## Dataset section

======

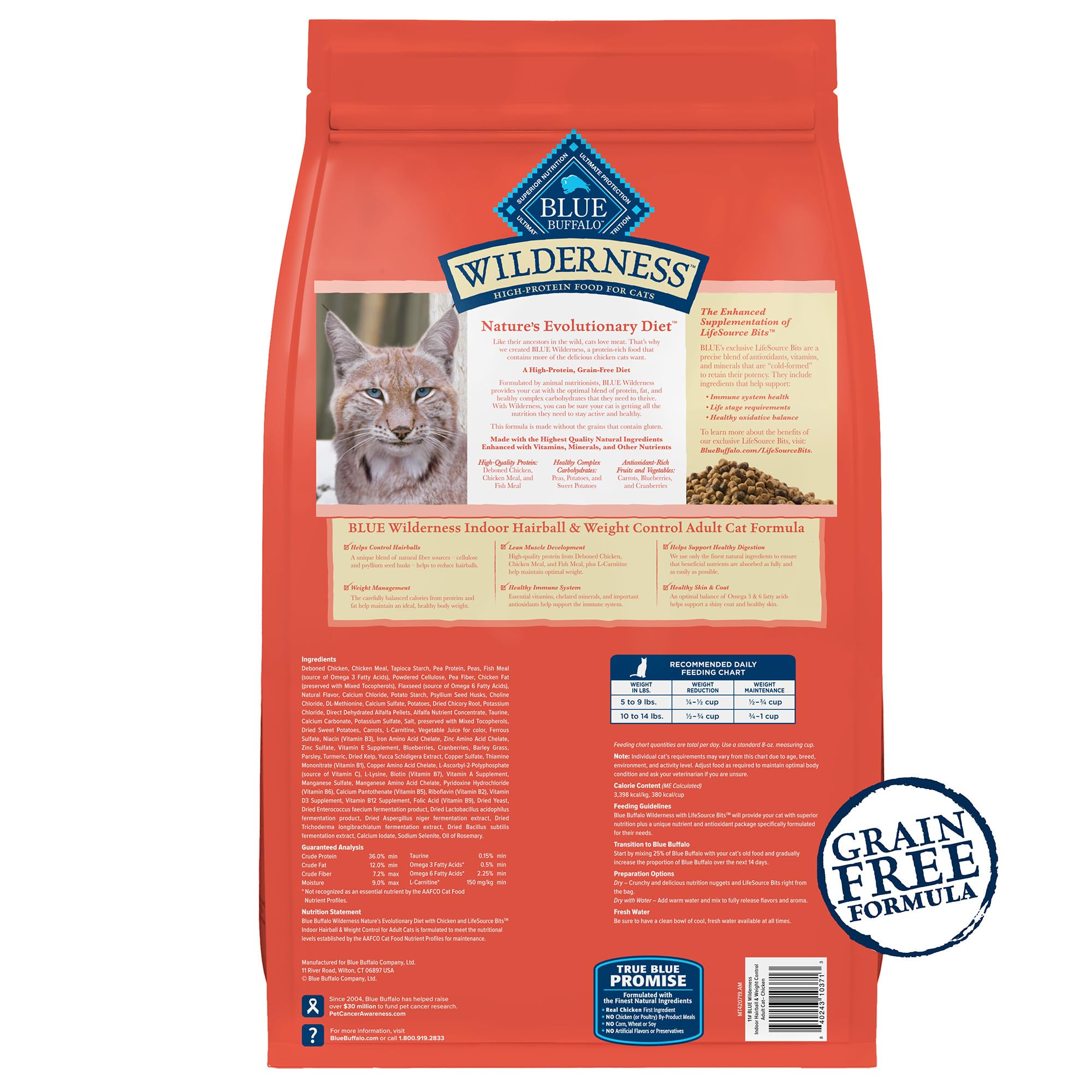 Blue Buffalo Wilderness Adult Indoor Dry Cat Food, Indoor Hairball Control and Weight Control Formula, High-Protein and Grain-Fr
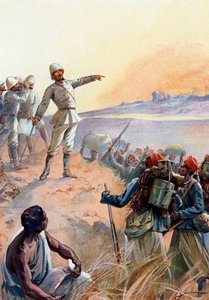 Fachoda-krisen: kapten Jean Baptiste Marchand (1863-1934) och hans senegalesiska Tirailleurs marscherar för Fachoda i Sudan för att göra det till ett franskt protektorat, juli 1898” (Fashoda-incident: Major Jean-Baptiste Marchand vandrar genom Afrika med o
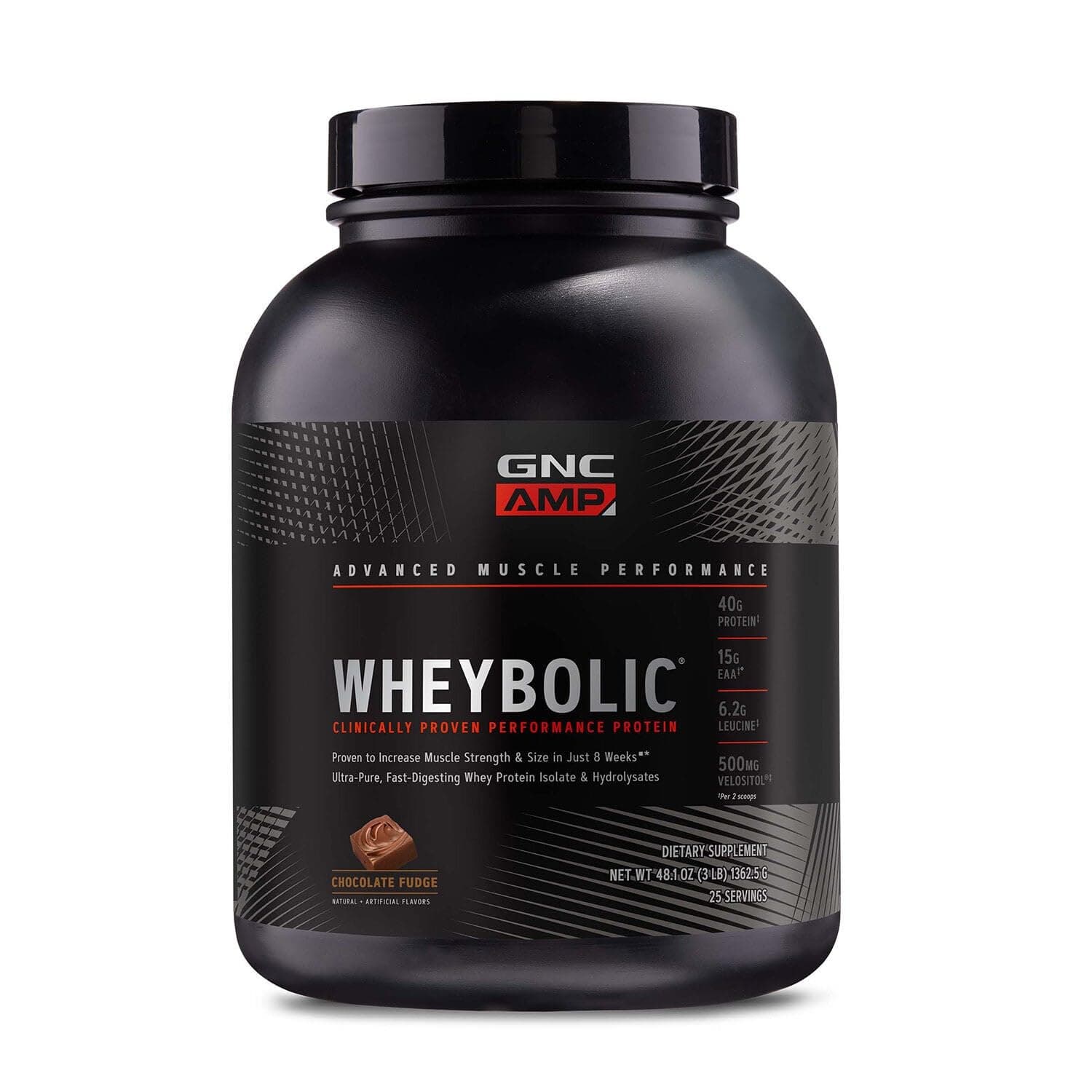 GNC AMP WHEYBOLIC™ WHEY PROTEIN 25 SVG [(CHOCOLATE 55.1 OZ)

======

## Task statement
Starting at the line that holds "Fachoda-krisen: kapten Jean" and ending at the last line of the material above, repeat each line exactly, both ends included, and leave the pictures out.

## Task result
 Fachoda-krisen: kapten Jean Baptiste Marchand (1863-1934) och hans senegalesiska Tirailleurs marscherar för Fachoda i Sudan för att göra det till ett franskt protektorat, juli 1898” (Fashoda-incident: Major Jean-Baptiste Marchand vandrar genom Afrika med o
 GNC AMP WHEYBOLIC™ WHEY PROTEIN 25 SVG [(CHOCOLATE 55.1 OZ)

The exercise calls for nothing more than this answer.